We wander through shops that are just fine, with all sorts of delightful treasures, curiosities. Yet, we can’t seem to find the perfect gift for … that loved one, that child, that parent, that friend. What is the perfect gift?
The stern and quirky little Epistle of James, appearing near the end of the New Testament, might offer some advice. This verse appears in the first chapter: “Every generous act of giving, with every perfect gift, is from above, coming down from the Father of lights, with whom there is no variation or shadow due to change” (James 1:17).
Essentially, the verse is saying that “Every good gift, every perfect give, is from above.” Can that verse help us? What are the perfect gifts of life?
Let’s start by reminding ourselves that the biblical sense of the word “perfect” is not what we tend to think. Awkwardly, that word “perfect” shows up on our list of moral goods and commandments. But, in the New Testament, the word “perfect” rarely means having obeyed every commandment, or having no blemishes, or even having no error. Instead, the word “perfect” is usually a translation of the word that means “goal” or “finish.” The perfect is what we are and what we have, when we have reached our goal or met our conclusion. Thus, whenever we read the word “perfect” in the New Testament, we might better understand it to mean “perfected.” When Jesus says, “Be perfect,” in Matthew 5:48, he means “Be perfected. Reach your goal. Go for the finish.”

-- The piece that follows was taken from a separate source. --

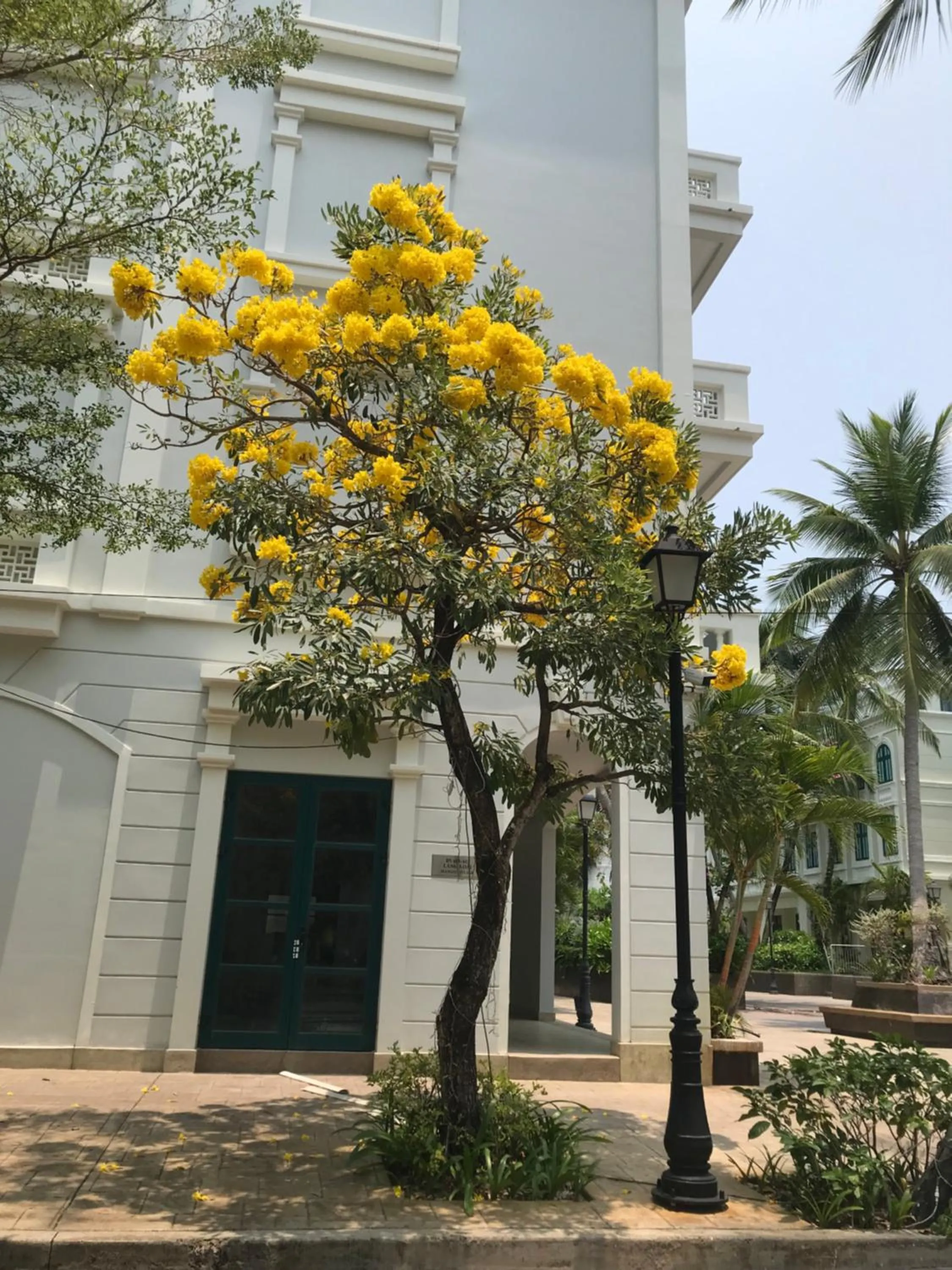 Garden in Kalia Hotel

Here in the Book of James, we meet another familiar word in the New Testament, the word “above.” The Book of James says, “Every perfect gift… is from above.” Well, that word “above” is the same word Jesus used when he told Nicodemus that one “must be born again” to see the kingdom of heaven. The phrase “born again” means, literally, to be “born from above.” John 3:3 says that one must be born from above in order to see the kingdom of heaven.
Every perfect gift, then, according to the Epistle of James, has the same characteristic of those seeing the kingdom of heaven. A perfect gift carries something with it “from above.” Could giving, and receiving, the perfect gift be like being born again? Yes, I think so. A perfect gift is that which carries some element of the divine, a heavenly glory, that comes from outside and above us. Every good gift, then, carries perfection with it when it comes with something “from above,” something holy, something of God. Every good gift, delivering something holy, is the perfect gift.

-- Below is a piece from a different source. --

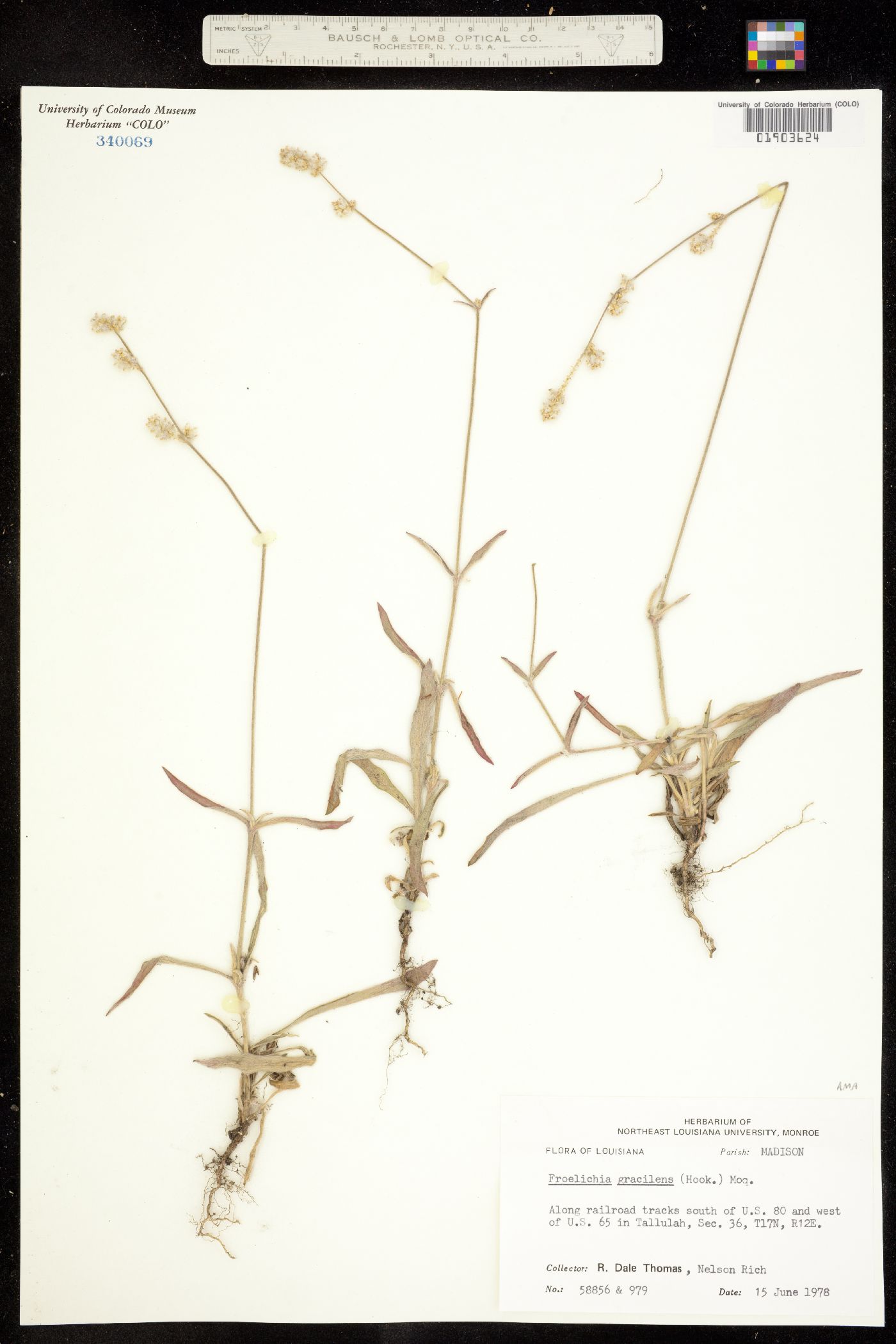 Froelichia gracilis image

But here’s the thing. I hope we have all experienced giving, or receiving, that gift that became so perfect when we realized how personal it was. It came from who we are authentically; or it came to us with a sense of who the giver authentically is. Its honesty and authenticity and personal-ness is what touched us.
Thus, every perfect gift also carries some element of authentic humanity. Every perfect gift does not merely carry divinity. A perfect gift is also something that quite clearly comes from within us, to another person. A perfect gift delivers something of our authentic self to that other person.

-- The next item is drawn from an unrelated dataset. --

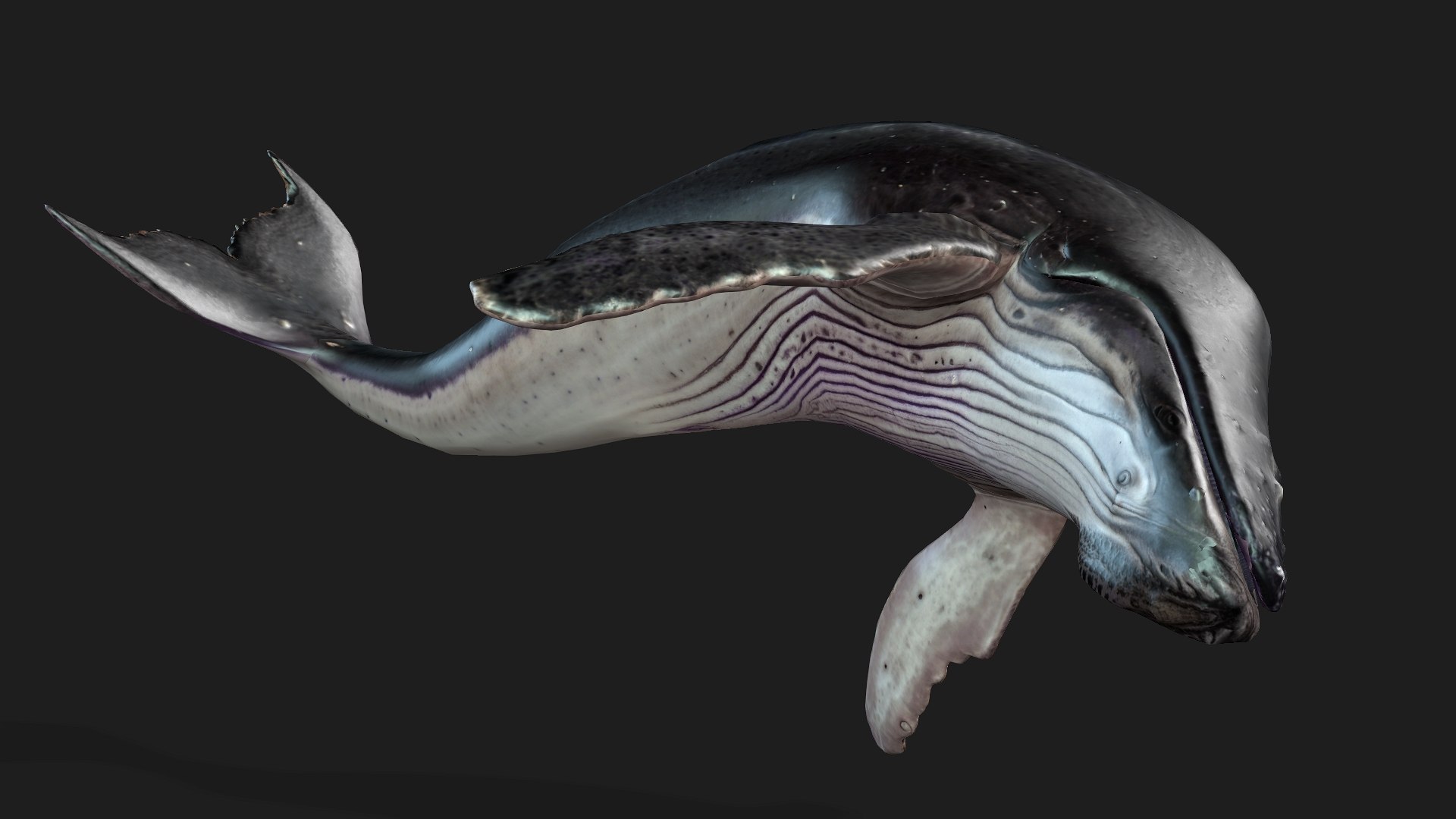 3D Whale model https://p.turbosquid.com/ts-thumb/4N/DKGR8J/Qj/preview11/jpg/1759287368/1920x1080/fit_q87/6b7d763bd32c9b8f2b427f67370bd9cc43f690f8/preview11.jpg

Could it be that, ultimately, something of our authentic self, and something of the divine (from above) are the same thing? We are born again, and born from above, when we realize God; and we are born again, born from above, when we realize our true and authentic selves. And when we give of who we are, when we give of our authentic selves, we are giving the good gift that comes from above; we are giving the perfect gift. Every good gift, from within and from above, is the perfect gift.